Web page caption snippets
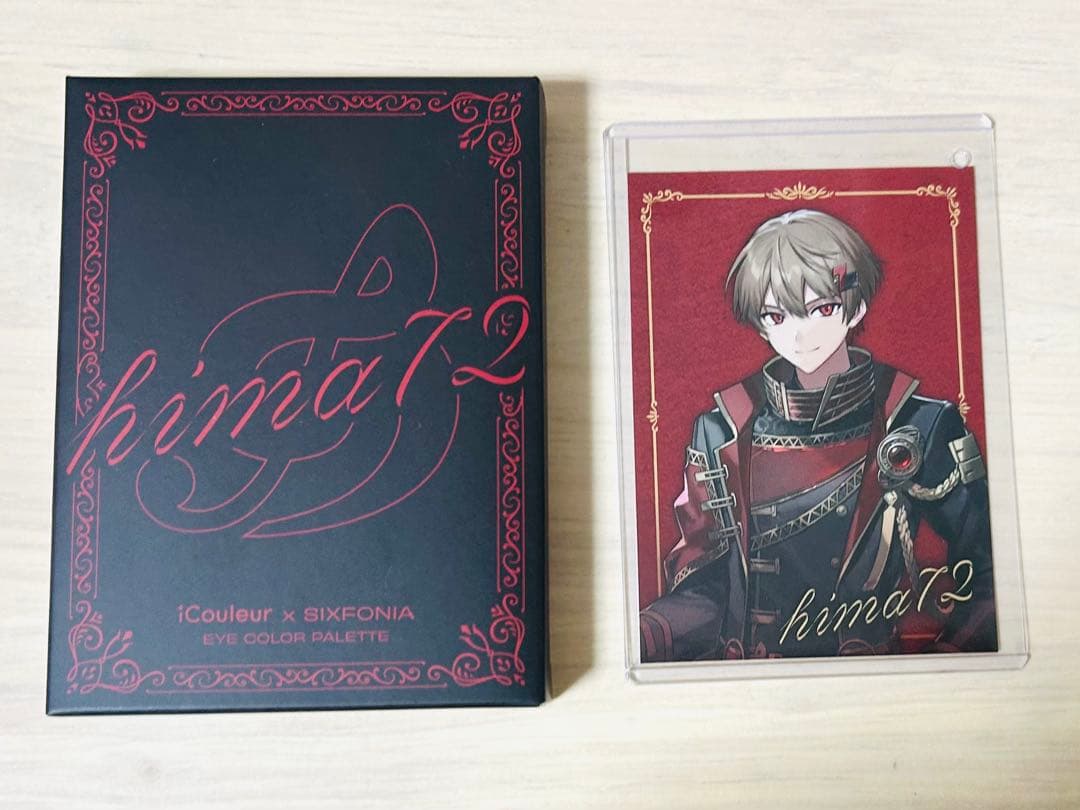 iCouleur x Six アイシャドウパレット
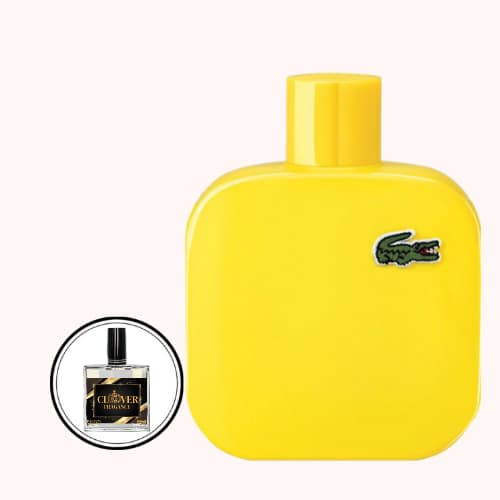 INSPIRADO EAU DE LACOSTE L.12.12 YELLOE (JAUNE) - LACOSTE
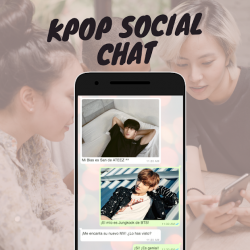 Captura 2 KPop Social Chat android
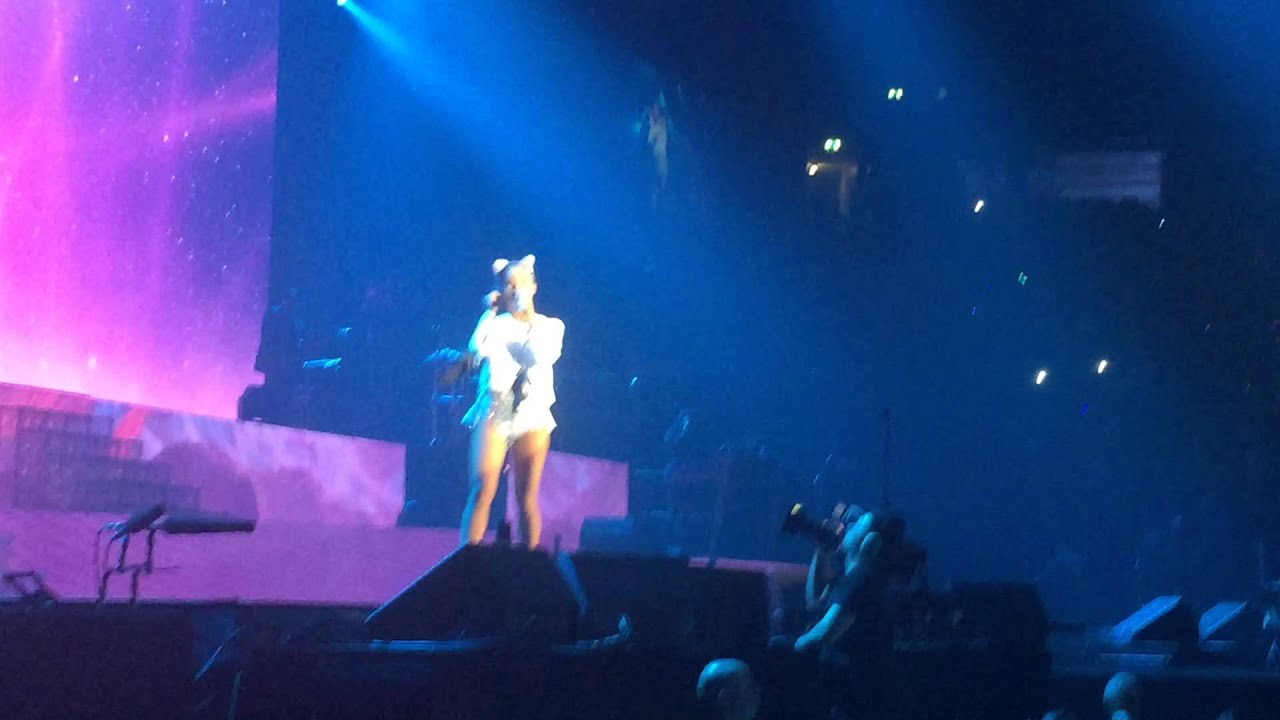 ARIANA GRANDE - Mimu gloves / Why Try - Honeymoon Tour Manchester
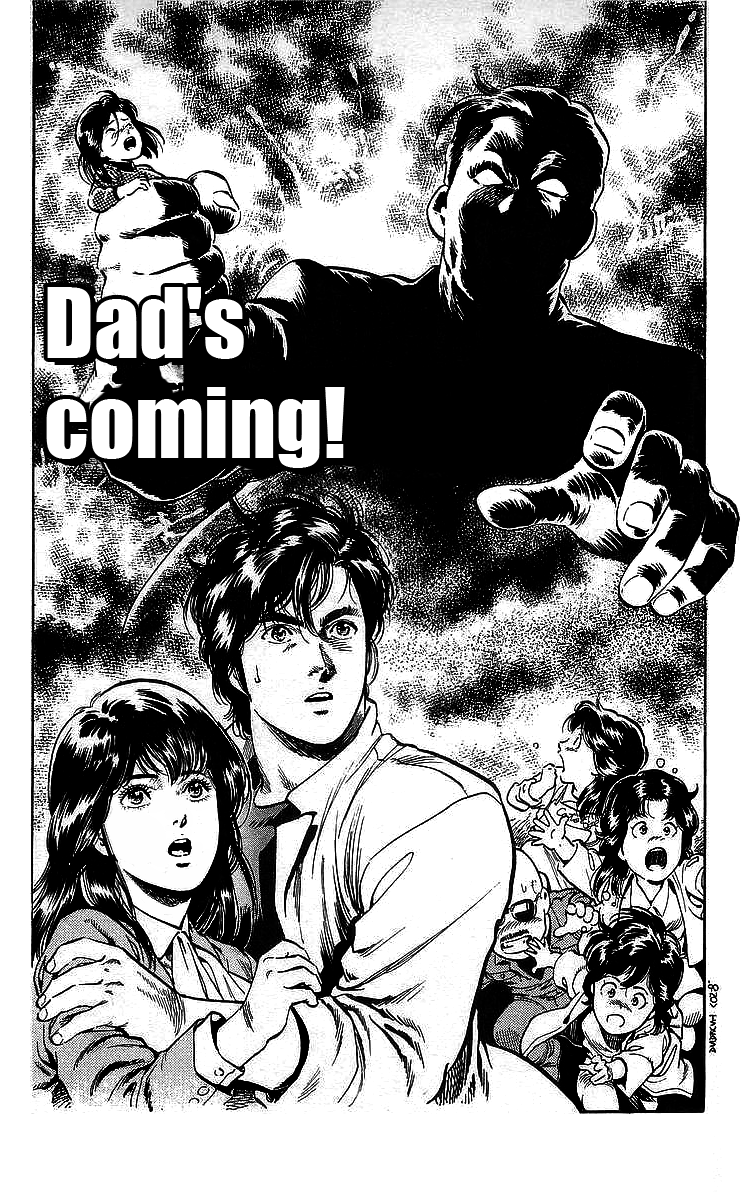 City Hunter chapter 170 page 1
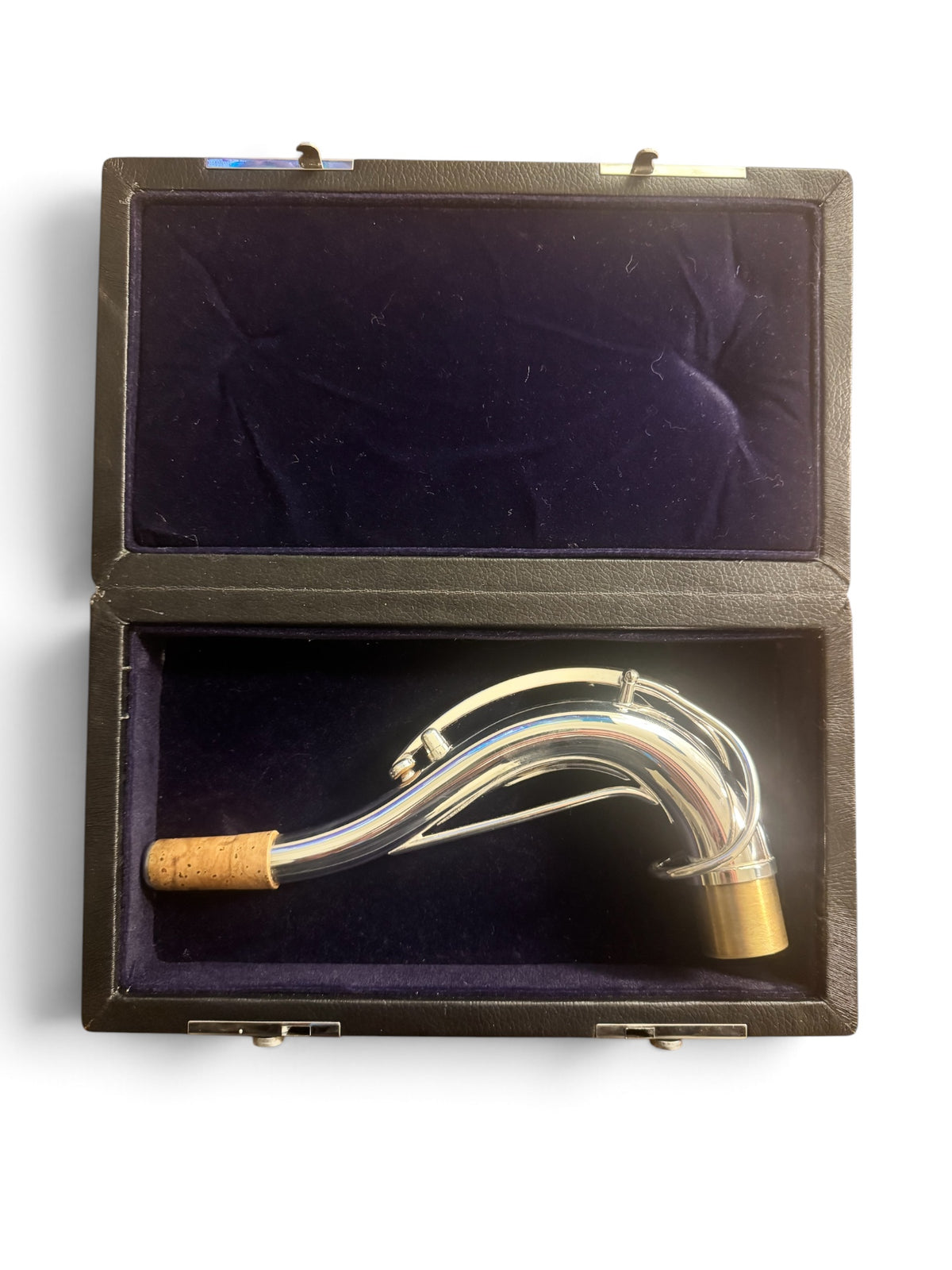 SPRINGWOOD | Silver Shadow Neck for Tenor Saxophone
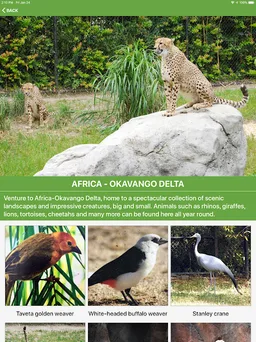 Virginia Zoo screenshot 1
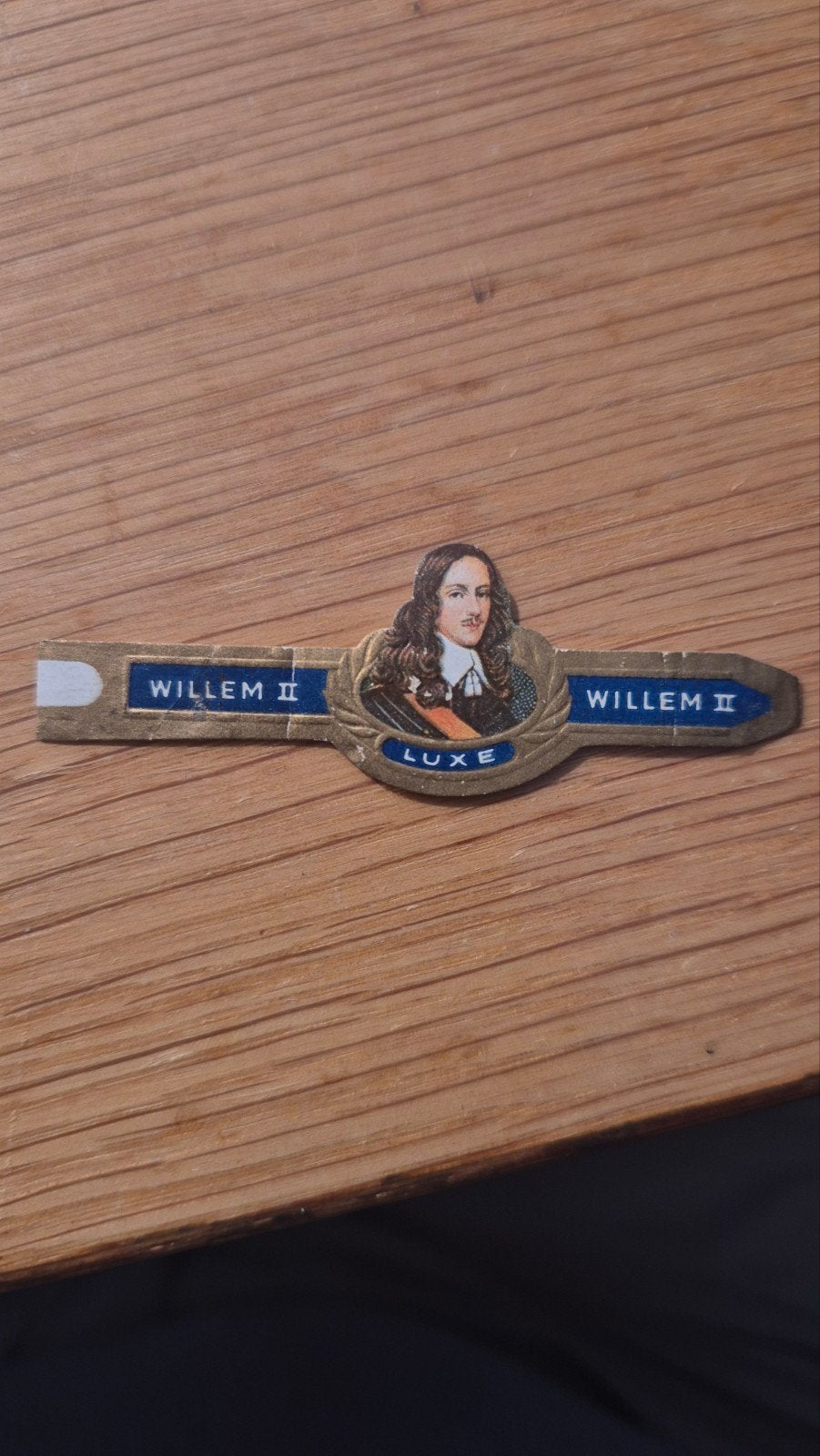 Sigarenbanden, Ophalen, Zo goed als nieuw, Sigarenbandjes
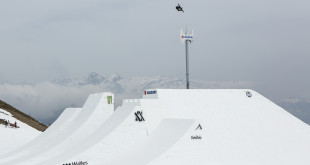 At the recent Suzuki Nine Knights Snowboarding and Skiing event Christian Haller and David Wise claimed World records during the Perfect Hip contest.
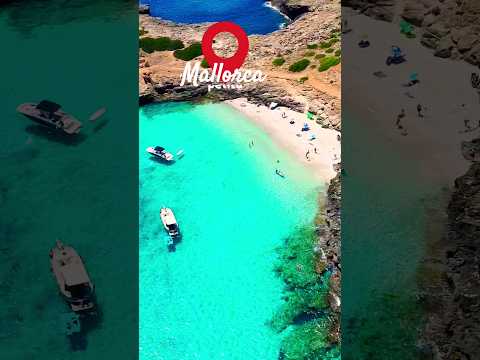 SPAIN 🇪🇸 MALLORCA ☀️ CALA VARQUES 🏖 drone FOOTAGE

TASK TO CARRY OUT
Leave out the pictures, and extract exactly the lines from the one with "Sigarenbanden, Ophalen, Zo" through the end of the records, both ends included.

TASK SOLUTION
 Sigarenbanden, Ophalen, Zo goed als nieuw, Sigarenbandjes
 At the recent Suzuki Nine Knights Snowboarding and Skiing event Christian Haller and David Wise claimed World records during the Perfect Hip contest.
 SPAIN 🇪🇸 MALLORCA ☀️ CALA VARQUES 🏖 drone FOOTAGE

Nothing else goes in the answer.